稲葉 球場一体のジャンプでお別れ「悔いなき20年間」に感謝

[ 2014年10月6日 05:30 ]

<日・楽>胴上げされる稲葉

パ・リーグ 日本ハム1―0楽天

(10月5日 札幌D)
 最後まで全力疾走だった。日本ハムの稲葉篤紀外野手(42)が5日、今季最終戦となった楽天戦で引退試合に臨んだ。「5番・右翼」で先発すると2回からは一塁を守り、試合は1―0で勝利。「稲葉ジャンプ」や「5人の監督全てを胴上げ」など名場面を残した男は3打数無安打に終わったが、この日も全力プレーで4万1208人を魅了した。また先発の大谷翔平投手(20)が公式戦最速タイとなる162キロを4度マークし、花を添えた。
【試合結果】

 初めて見る景色に、新たな感動があった。試合後の引退セレモニー、スポットライトを浴びながら左打席に立った。ファンファーレを合図に、超満員のスタンドが揺れる。稲葉はバットを手にぐるりと見渡した。

 「試合では一塁側を見ることができない。360度、本当に“稲葉ジャンプ”をしている。こんな応援をしてもらえる選手は今までいたのかな」

 ナインの手で宙に10度舞い、すがすがしい表情を浮かべた。「全力疾走でここまでやってきた。稲葉篤紀に悔いなき20年間、最高の20年間をありがとうございました」。スピーチの言葉が示すように、最後まで全力でプレーした。

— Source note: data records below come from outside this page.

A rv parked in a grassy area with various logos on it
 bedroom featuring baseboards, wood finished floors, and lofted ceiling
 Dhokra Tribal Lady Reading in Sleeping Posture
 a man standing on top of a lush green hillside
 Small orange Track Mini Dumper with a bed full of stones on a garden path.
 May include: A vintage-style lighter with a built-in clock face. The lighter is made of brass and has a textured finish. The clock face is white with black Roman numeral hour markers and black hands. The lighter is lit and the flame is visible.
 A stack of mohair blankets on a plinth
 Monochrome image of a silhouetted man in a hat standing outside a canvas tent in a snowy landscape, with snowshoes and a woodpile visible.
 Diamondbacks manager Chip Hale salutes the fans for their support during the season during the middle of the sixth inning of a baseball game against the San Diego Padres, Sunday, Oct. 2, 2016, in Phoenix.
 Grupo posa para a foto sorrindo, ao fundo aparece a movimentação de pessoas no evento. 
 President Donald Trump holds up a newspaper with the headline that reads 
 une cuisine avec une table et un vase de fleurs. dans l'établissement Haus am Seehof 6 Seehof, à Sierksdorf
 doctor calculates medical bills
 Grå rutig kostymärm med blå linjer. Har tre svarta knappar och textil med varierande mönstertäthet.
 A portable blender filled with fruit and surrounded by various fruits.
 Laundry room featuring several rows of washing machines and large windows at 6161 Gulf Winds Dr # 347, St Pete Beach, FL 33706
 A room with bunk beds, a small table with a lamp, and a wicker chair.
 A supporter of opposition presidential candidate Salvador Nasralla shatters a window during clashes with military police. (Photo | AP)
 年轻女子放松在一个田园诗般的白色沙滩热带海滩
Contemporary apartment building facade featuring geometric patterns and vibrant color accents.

 「5番・右翼」でのスタメンを志願した。「守備位置が遠かった」と苦笑いするが、初回限定ながら定位置まで恒例の全力疾走を披露した。2回から一塁へ回り、9回にはフェンス際まで一邪飛を追いかけてキャッチした。3度の打席は全て「稲葉ジャンプ」で迎えられたが、快音を響かせられなかった。それでも笑顔だった。

 努力でここまで来た。中京(現中京大中京)では甲子園に出場できず、法大でも最後の4年秋にようやくリーグ優勝。ヤクルトでは1年目から日本一も古田、池山、飯田がいた。同期入団の宮本と神宮の室内練習場で連日、早出特打を行い、涙を流しながらバットを振ったこともあった。先輩たちからは「ナッパ」と呼ばれ、メーンディッシュの端に添えられた野菜のように、当時は単なる脇役でしかなかった。

 そんな男が北海道で大輪を咲かせた。首位打者を獲得し、通算2000安打も達成した。09年WBCでは世界一にも輝いた。引退表明後は、どこの球場でも「稲葉ジャンプ」が起こった。ファンに楽しんでもらおうと、あえて初球を見送ってきた。そんな気遣いも、ファンから愛される理由だ。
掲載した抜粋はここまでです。